On the trail, they find themselves being pursued by Pat and a posse. The pair surmise that Rio tipped the sheriff off. Doc kills a few men from long range, but leaves Pat unharmed.
When Doc wakes one m orning, he finds Billy gone and Pat waiting to handcuff him and take him back. Stopping at Rio’s, the two men find that Billy has left Rio tied up in sight of water out of revenge. Suspecting that Billy loves Rio (even if he himself does not realize it) and will return to free her, Pat waits. Sure enough, the Kid comes back and is captured.
On the way back to town, however, they find hostile Mescaleros all around. Pat reluctantly frees his prisoners and returns their revolvers after extracting a promise from Doc that he will give them back and make Billy do the same. They manage to elude the Indians, but Doc refuses to honor his word.
As Doc tries to leave with his horse, Billy stops him. The two men decide to have a duel, with a pleased Pat expecting Billy to lose. However, as they await the signal (the end of a clock signalling eight o’clock), Billy realizes that Doc is a true friend, and moves his hands away from his guns. Doc tries to provoke him, inflicting minor wounds in one hand and both ears, but the Kid still will not fire. The two reconcile. Furious, Pat calls Doc out, despite not having a chance. Doc makes no attempt to shoot his friend and is fatally wounded. Pat is aghast.

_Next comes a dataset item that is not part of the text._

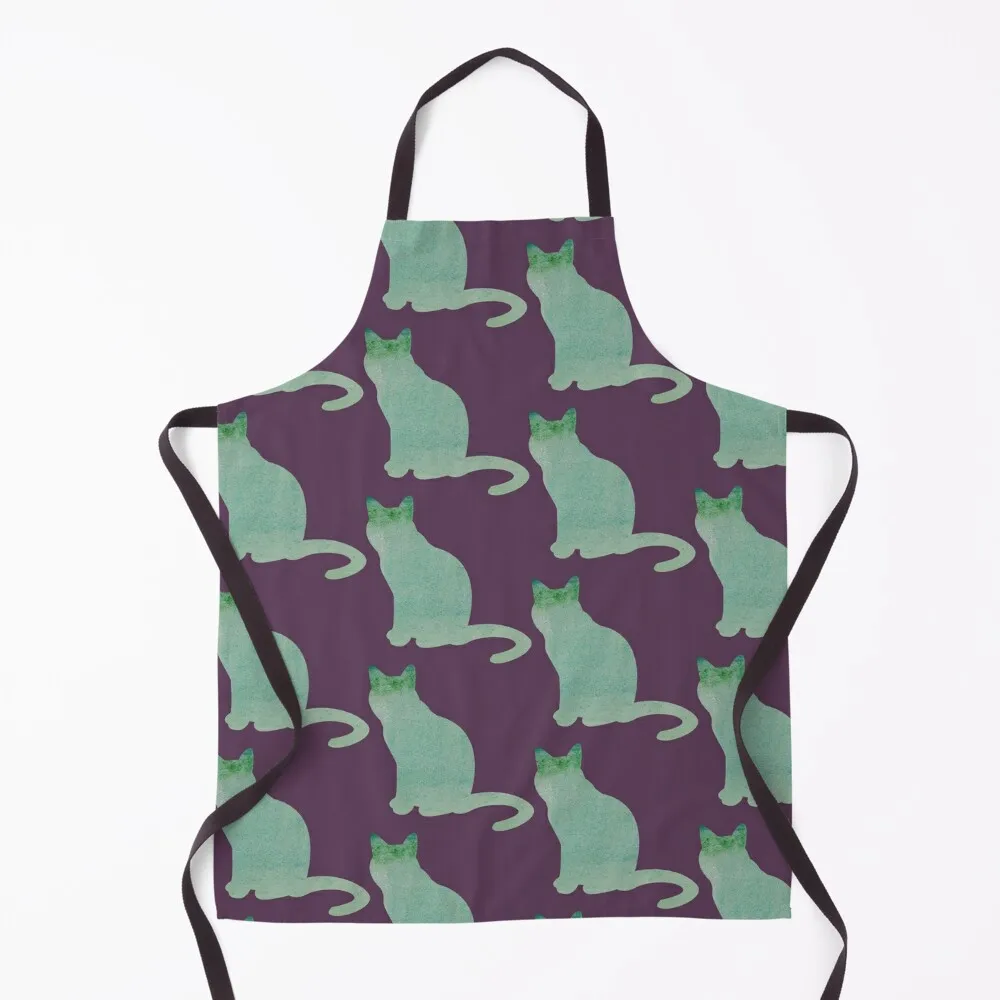

Green Cat Watercolor Apron For Women Women's Dress beauty master kitchen woman Apron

After Doc is buried, Pat offers to give Billy their friend’s revolvers. He also persuades Billy to give him his guns, saying that he can claim that it is Billy in the grave. The Kid can leave his past behind him and have a fresh start in life. However, it is all a trick. Pat had removed the firing pins from Doc’s revolvers. However, while comparing the guns, he inadvertently switched one of Doc’s for his. As a result, neither his gun nor Pat’s fires. Billy pulls out a second, working gun. He handcuffs Pat, judging that the lawman will still state that Billy is dead rather than admit the Kid left him helpless. As he is riding away, Billy stops and looks back; an overjoyed Rio gets on his horse.